### WHAT IS NEEDED:
Please repeat the data below exactly, with the pictures removed.

Start of SUPPLIED RECORDS

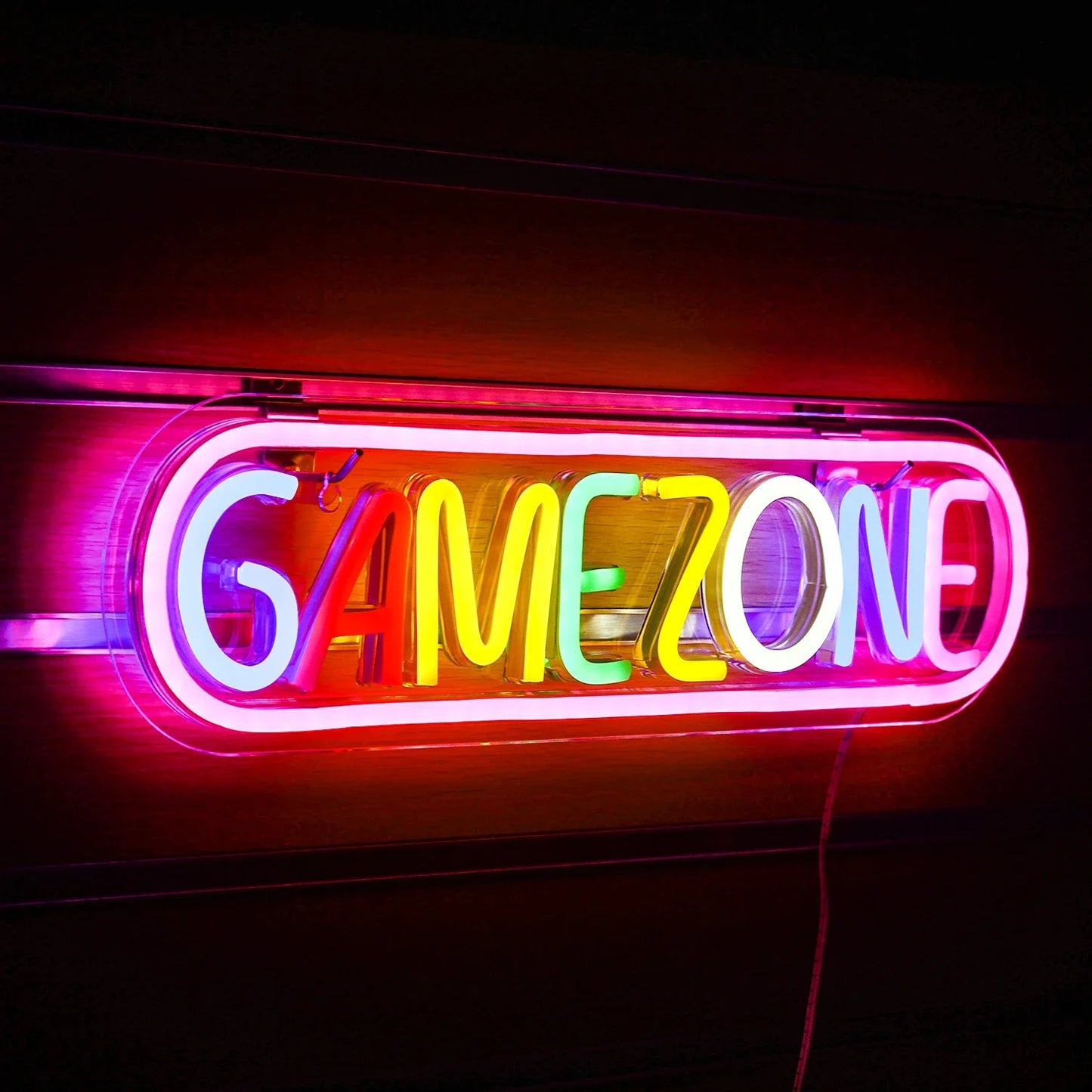 Dimmable Neon Game Zone Sign Custom LED Art Man Cave Room Decoration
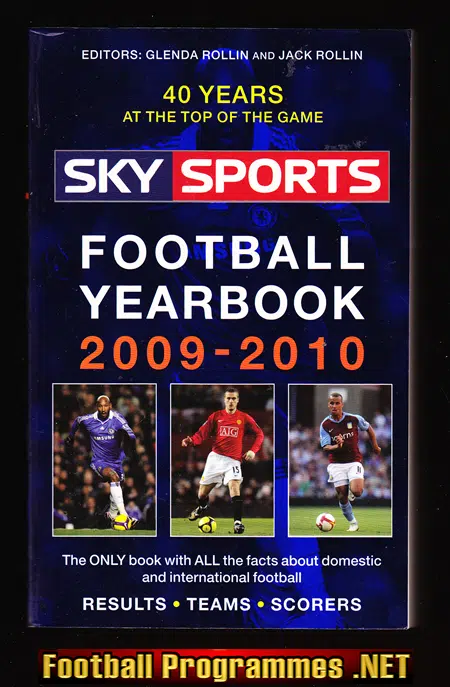 Rothmans Football Yearbook 2009 – 2010 = 40th Year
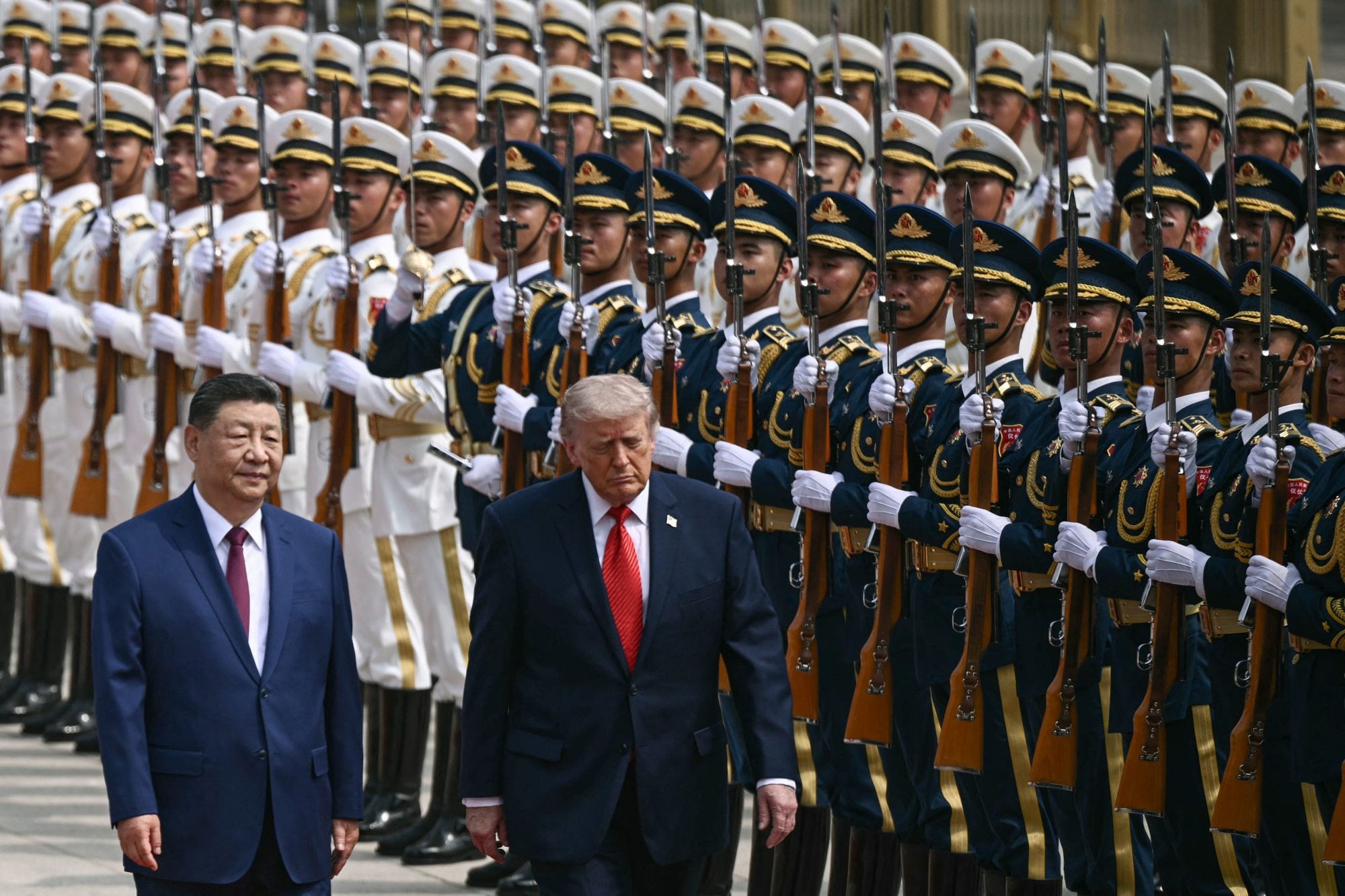 Del evento también formaron parte las milicias chinas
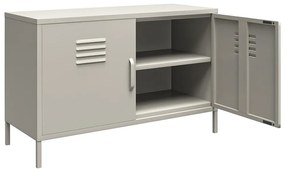 Krémszínű fém szekrény 100x64 cm Bradford – Støraa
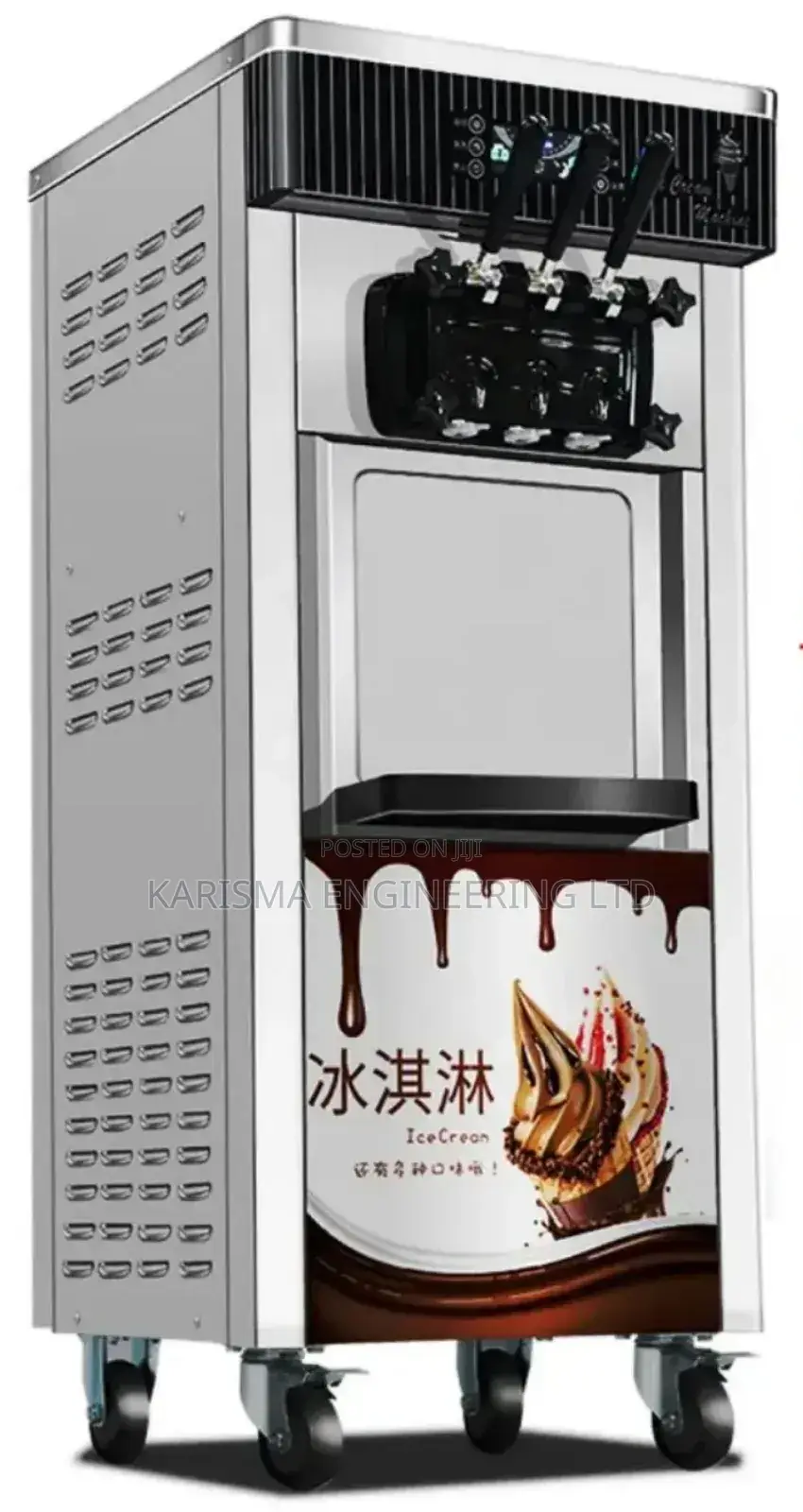 Soft and Hard Ice Cream Maker Machine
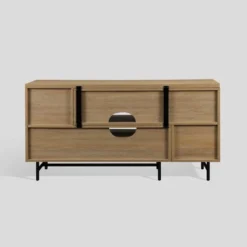 Modern Reeded Door Extendable TV Stand For TVs Up To 50" - Saracina Home -Furniture Shop GUEST c5b6f26d e17f 43c5 b338 9eae1f33e57d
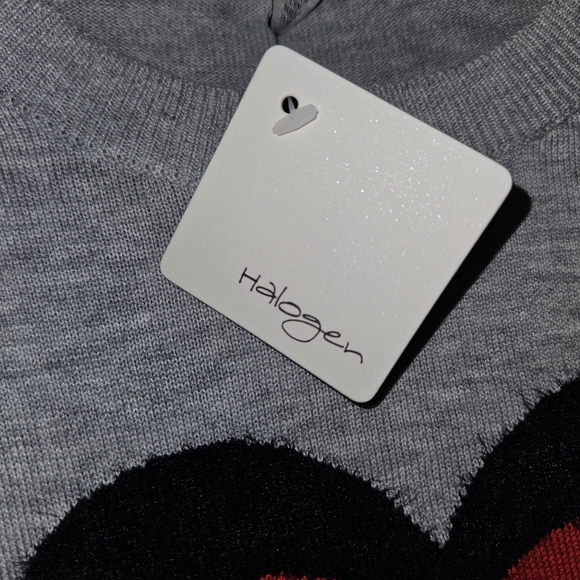 Halogen Light Gray Knit Sweater - Picture 3 of 8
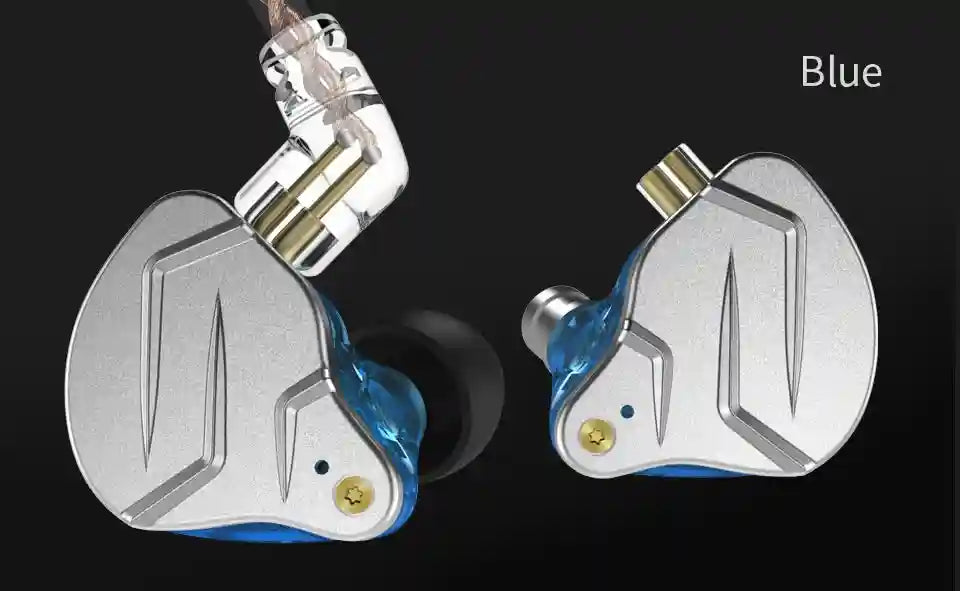 KZ ZSN Pro Hybrid Wired Earphones | High-Fidelity Studio Monitor In-Ear Tidesmit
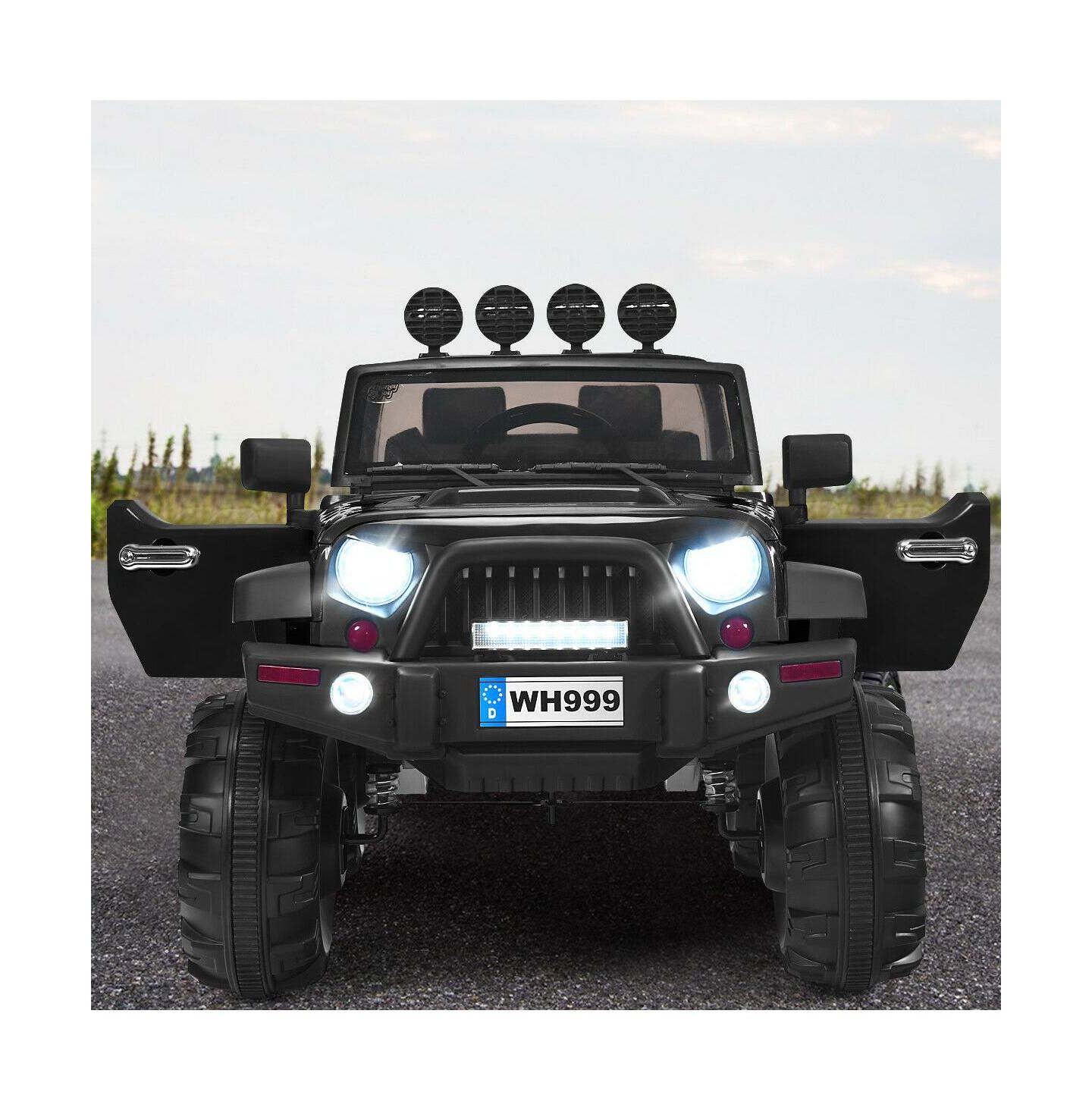 Детская игрушка Mecale 12V Kids Ride-On Truck with Remote Control and LED Lights, Ages 3-7, цвет: Чёрный — фото 2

End of SUPPLIED RECORDS

### EXERCISE RESULT:
 Dimmable Neon Game Zone Sign Custom LED Art Man Cave Room Decoration
 Rothmans Football Yearbook 2009 – 2010 = 40th Year
 Del evento también formaron parte las milicias chinas
 Krémszínű fém szekrény 100x64 cm Bradford – Støraa
 Soft and Hard Ice Cream Maker Machine
 Modern Reeded Door Extendable TV Stand For TVs Up To 50" - Saracina Home -Furniture Shop GUEST c5b6f26d e17f 43c5 b338 9eae1f33e57d
 Halogen Light Gray Knit Sweater - Picture 3 of 8
 KZ ZSN Pro Hybrid Wired Earphones | High-Fidelity Studio Monitor In-Ear Tidesmit
 Детская игрушка Mecale 12V Kids Ride-On Truck with Remote Control and LED Lights, Ages 3-7, цвет: Чёрный — фото 2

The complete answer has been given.